[Stored items]
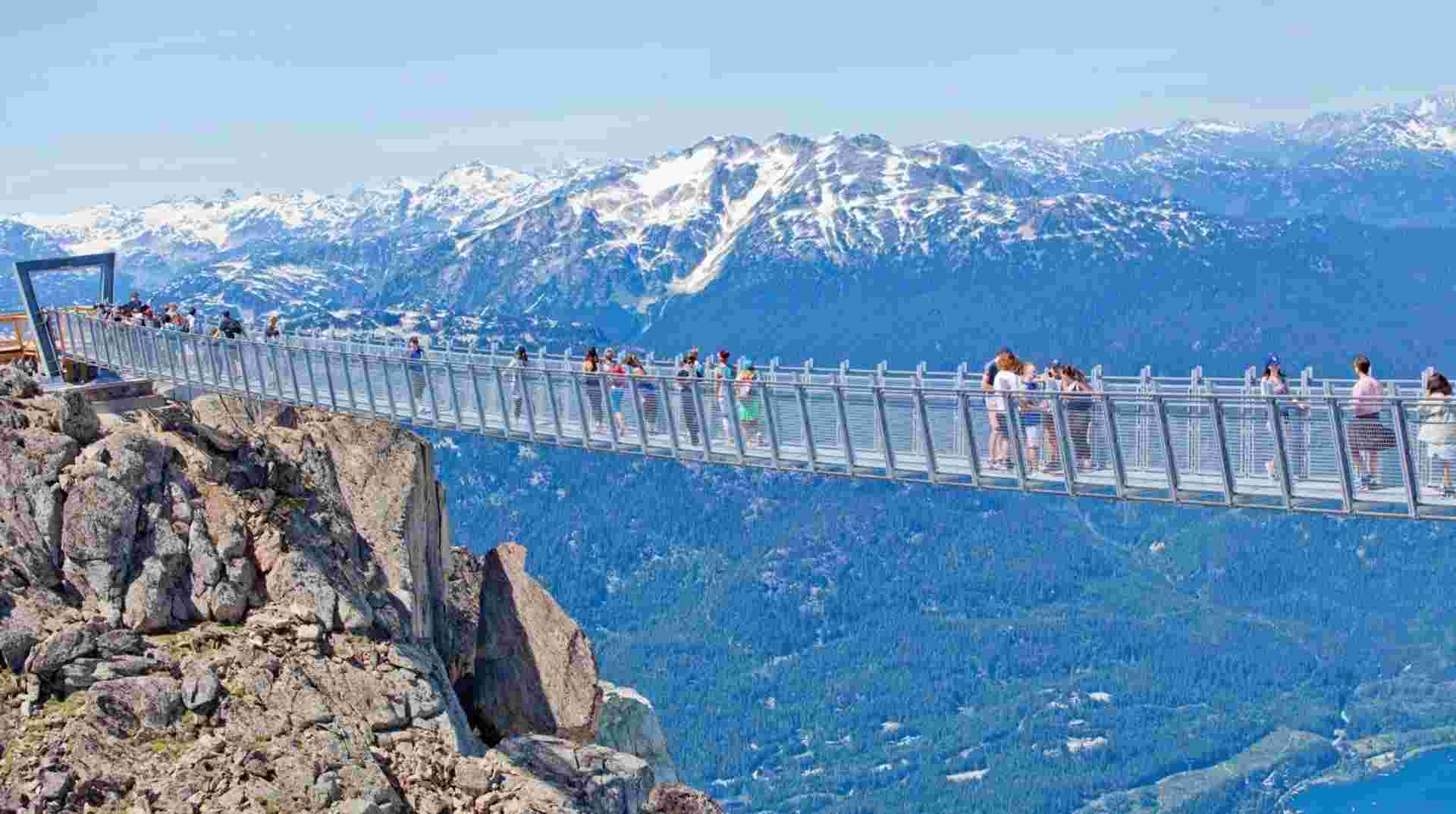 Western Canada: See & Experience it ALL in 10 days 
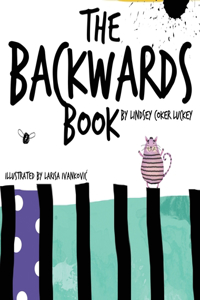 Backwards Book
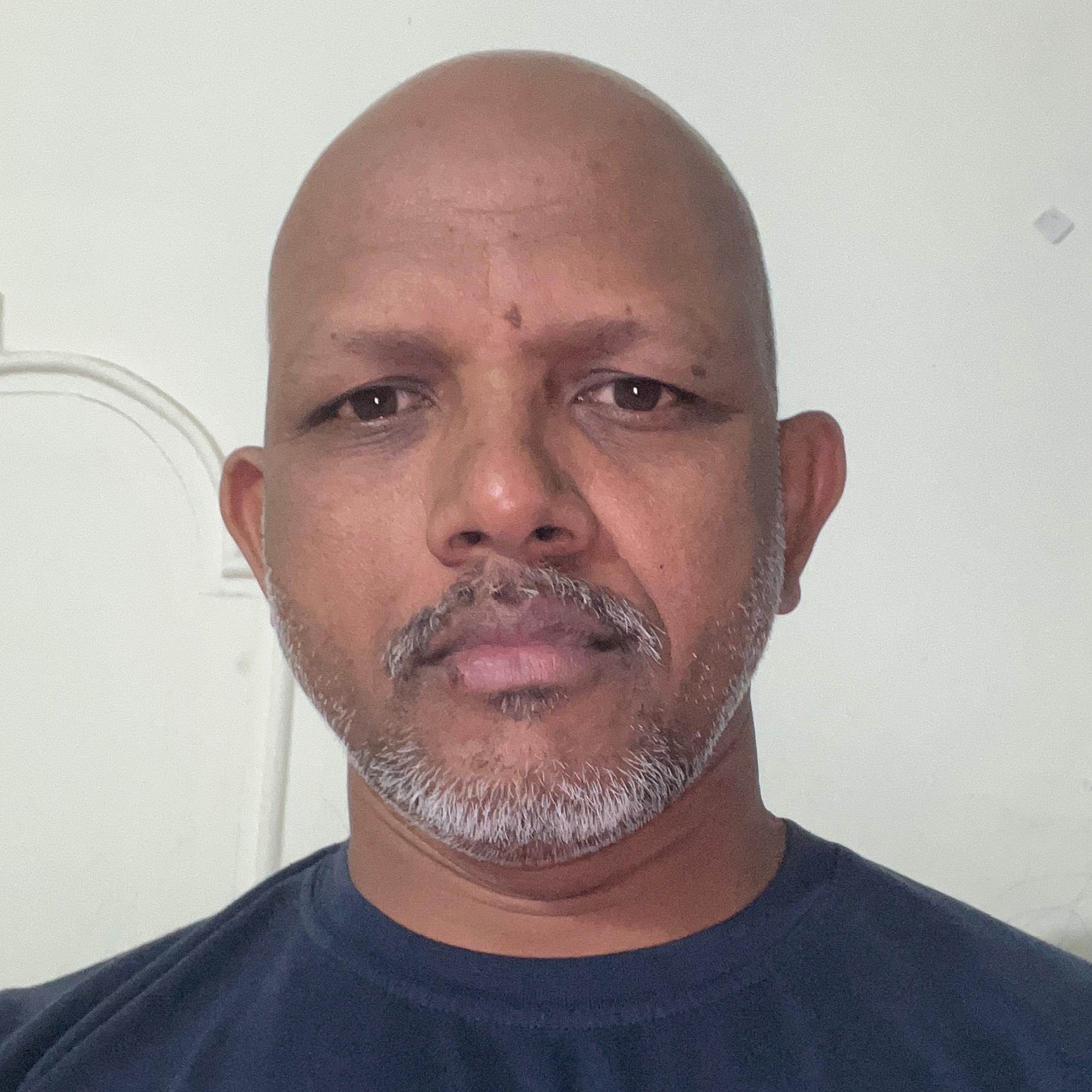 Suresh Babu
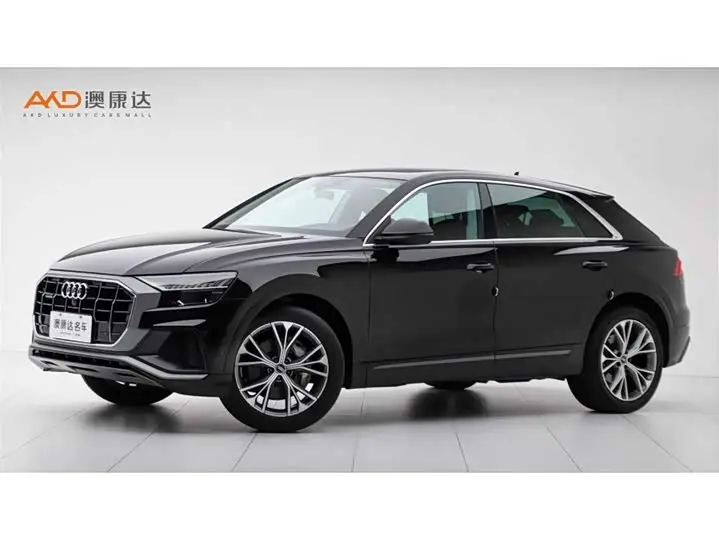 Audi Q8 2022, арт. CN-2026288 — фото 1
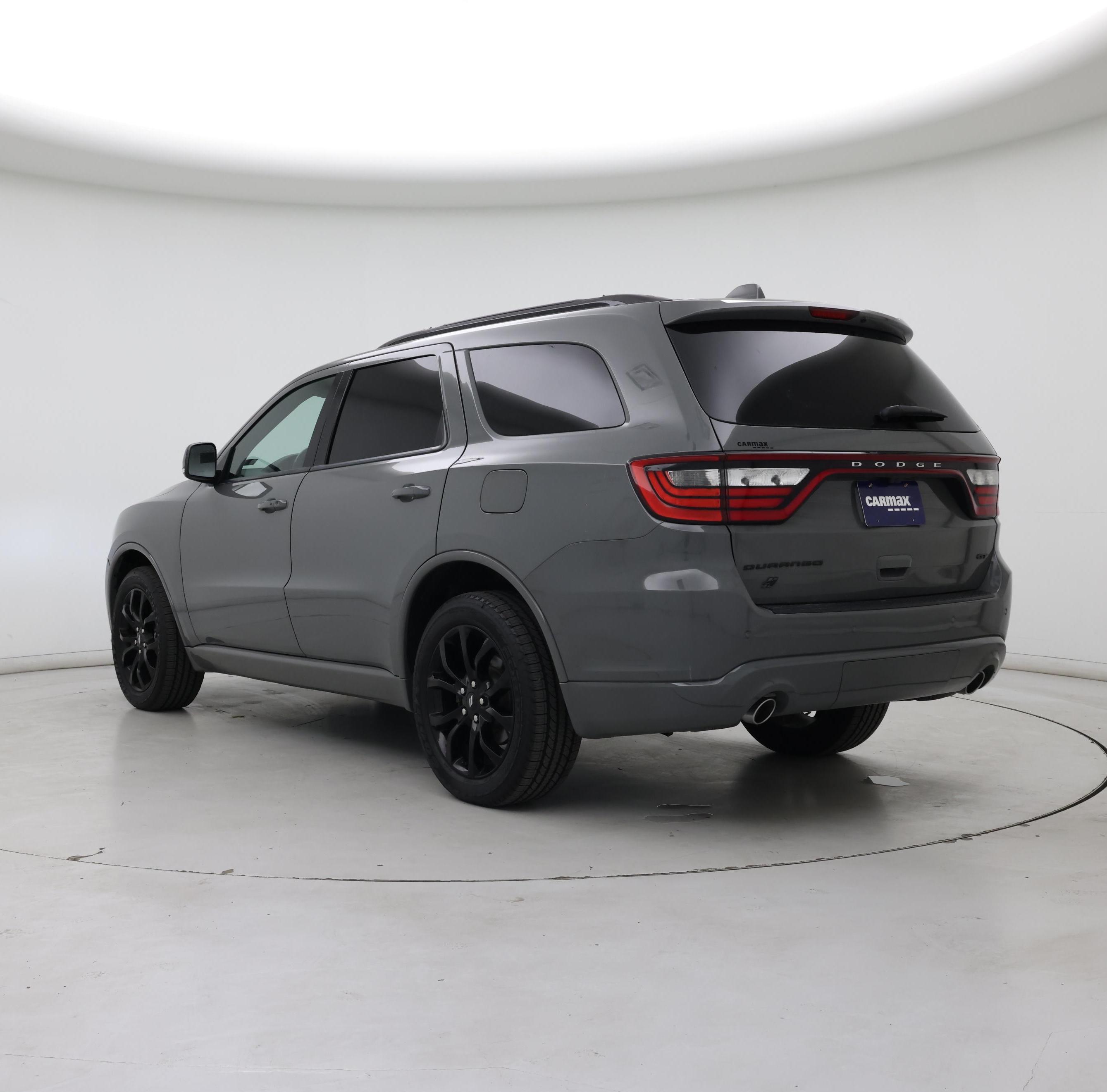 Thumbnail: 2020 Dodge Durango - 2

__What needs to be done__
Please print all the entries exactly as written, but drop the pictures.

__Written solution__
 Western Canada: See & Experience it ALL in 10 days 
 Backwards Book
 Suresh Babu
 Audi Q8 2022, арт. CN-2026288 — фото 1
 Thumbnail: 2020 Dodge Durango - 2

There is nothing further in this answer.